START Excerpted records
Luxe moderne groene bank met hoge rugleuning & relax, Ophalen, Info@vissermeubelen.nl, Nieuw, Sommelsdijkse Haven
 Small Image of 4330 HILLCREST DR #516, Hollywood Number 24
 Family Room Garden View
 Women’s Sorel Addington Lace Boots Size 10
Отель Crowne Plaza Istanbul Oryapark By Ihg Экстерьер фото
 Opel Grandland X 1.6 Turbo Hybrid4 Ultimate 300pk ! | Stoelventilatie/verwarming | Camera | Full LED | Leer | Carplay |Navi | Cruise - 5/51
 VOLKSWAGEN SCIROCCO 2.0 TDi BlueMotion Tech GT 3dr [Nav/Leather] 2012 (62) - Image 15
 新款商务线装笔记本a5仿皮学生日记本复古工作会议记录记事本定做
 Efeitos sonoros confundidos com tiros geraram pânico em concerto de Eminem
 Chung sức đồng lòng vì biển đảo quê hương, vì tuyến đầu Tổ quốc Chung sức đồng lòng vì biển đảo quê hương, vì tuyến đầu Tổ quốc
END Excerpted records
## Task prompt
Filter the data for the string "Image". Copy each matching line.

## Output for this exercise
 Small Image of 4330 HILLCREST DR #516, Hollywood Number 24
 VOLKSWAGEN SCIROCCO 2.0 TDi BlueMotion Tech GT 3dr [Nav/Leather] 2012 (62) - Image 15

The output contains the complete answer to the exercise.